README for EMMIX-GENE
=====================

(This software is available freely for NON-COMMERCIAL use only.)

EMMIX-GENE consists of three programs, "select-genes", "cluster-genes"
and "cluster-tissues".  All are provided as executable files for Linux.

Each program takes three arguments on the command-line: the filename
of the microarray data (which is in the form of a N x M matrix, where
the rows correspond to the N genes and the columns to the M tissues),
N (the number of rows), and M (the number of columns).

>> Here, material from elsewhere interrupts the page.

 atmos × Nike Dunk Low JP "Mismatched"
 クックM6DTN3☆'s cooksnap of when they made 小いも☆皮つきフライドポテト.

In the following, we describe for each program the input the user is
required to provide, the function of the program, and the format of the
output files.

select-genes
------------

User-supplied input: 
* Number of random and k-means starts for the fitting of mixtures 
of t components to individual genes
* Three random seeds
* Thresholds for the likelihood ratio statistic and minimum cluster size

If the input file contained the microarray data is called "mdata",
then the output files are called "mdata.cut" and "mdata.stats".
mdata.cut is a G x M array where the rows correspond to the G selected
genes, and mdata.stats is a G x 4 array where each row contains three columns.
The first column is the row number of the selected gene from mdata,
the second column contains the likelihood ratio statistic -2 log \lambda
for that gene, and the third column contains the size of the smaller group
when fitting one t-distribution against two.

cluster-genes
-------------

User-supplied input:
* Number of random and k-means starts for the fitting of mixtures 
of normal components to group means
* Number of random and k-means starts for the fitting of common
spherical components to the selected genes
* Number of groups into which to cluster the selected genes
* Three random seeds
* Option to reorder the tissues as clustered on the basis of the fitted
  group means (yes or no)

If N_0=20 and the input filename containing the microarray data is called
"mdata", the output files of "cluster-genes" are called "input.group0,
input.group1, ..., input.group19".  These files contain the 20 groups
sorted in decreasing order of -2 log \lambda for the corresponding fitted
group means.  That is, input.group0 contains the genes for which the fitted
group mean is highest.  There are also corresponding files "input.list0,
..., input.list19" containing the numbering of the genes (as in the input file)
which are placed in each group.

The program "cluster-genes" also outputs "input.groupmeans"
which contains the fitted group means, sorted in decreasing order of
-2 log \lambda.  

Also, a file "input.gstats" is output, which is a G x 3 array.  
The first column contains the group number, the second column
is the number of genes in the group, and the third column is the likelihood
ratio statistic, -2 log \lambda, for the corresponding fitted group
mean. 

Usually, the input for "cluster-genes" will be the ".cut" file produced 
by "select-genes."  The user can specify that the number of rows used, N_u, 
is less than the actual number of rows in the input file, in which case 
only the first N_u rows are read from the input file.

cluster-tissues
---------------

User-supplied input:
* Number of factors
* Number of components
* Number of random and k-means starts
* Three random seeds

The program "cluster-tissues" clusters the columns of the microarray data
matrix, and outputs this clustering to the screen.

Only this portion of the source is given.